Cuando las señas y quejas desde el público claman a gritos «no se oye», cuando el sonido de las guitarras se ahoga antes de nacer por los altavoces y Robin resopla, con el bajo en la mano, de la frustración; Juan Carlos Torrente se arruga por primera vez desde que lo conozco, y agradece al público por estar, en el momento más amargo de la noche.
Para la amargura, que tiene su origen en un equipo de audio agonizante, no hay solución inmediata, o al menos, eso parece. Rentar un equipo cuesta, transportar el equipo cuesta, mover instrumentos cuesta. Hacer metal, en resumen, cuesta. Y se gana —si se gana— muy poco.
Por eso resulta doloroso y triste que una banda con la trayectoria de Combat Noise haya vivido un episodio como este, y que ocurriera precisamente en un momento en que buena parte de la audiencia ha perdido la fe en el Maxim Rock y en el futuro del metal cubano.
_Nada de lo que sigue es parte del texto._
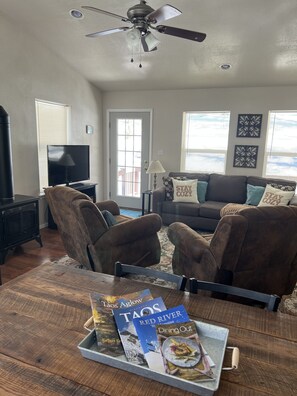A living room with a fireplace, a TV, and a dining table with magazines. - Cozy Cabin (Red River)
Algunos podrán pensar que la tropa de Juan Carlos debió detener el concierto y bajar del escenario, por respeto al público que los sigue y al nombre que con su obra han creado. Pero parece ser justo por eso, por respeto a los que pagan su entrada, a los que aman el metal y a ellos mismos, que continúan. Combat Noise aprieta los dientes y hace lo que puede con lo que tiene. No hay gloria en la retirada, intentan decir. Mejor, morir con honor… Ya llegará el desquite.